What is needed
Here the job is to transcribe the data verbatim while leaving each picture out.

Source material
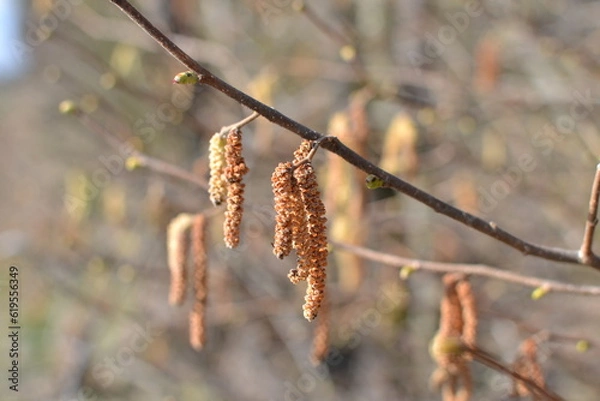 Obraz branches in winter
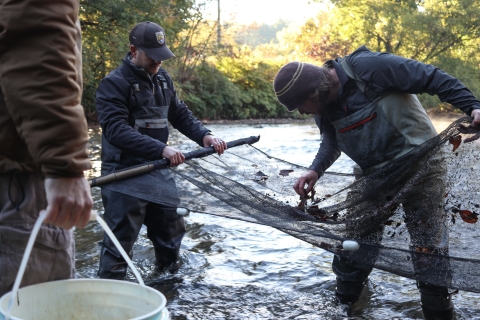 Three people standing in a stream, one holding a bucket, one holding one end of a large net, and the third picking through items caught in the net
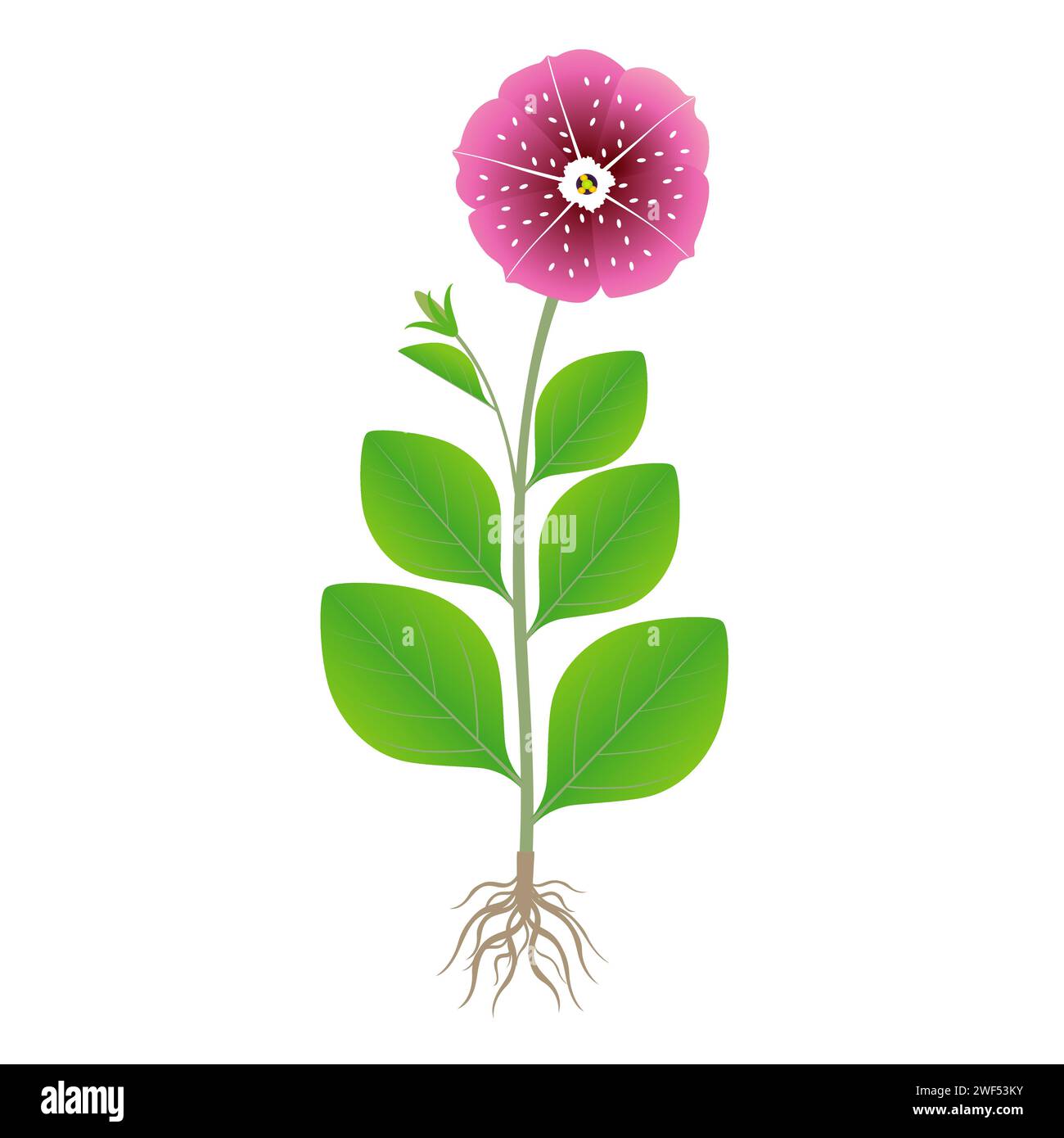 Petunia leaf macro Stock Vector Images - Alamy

Output for this exercise
 Obraz branches in winter
 Three people standing in a stream, one holding a bucket, one holding one end of a large net, and the third picking through items caught in the net
 Petunia leaf macro Stock Vector Images - Alamy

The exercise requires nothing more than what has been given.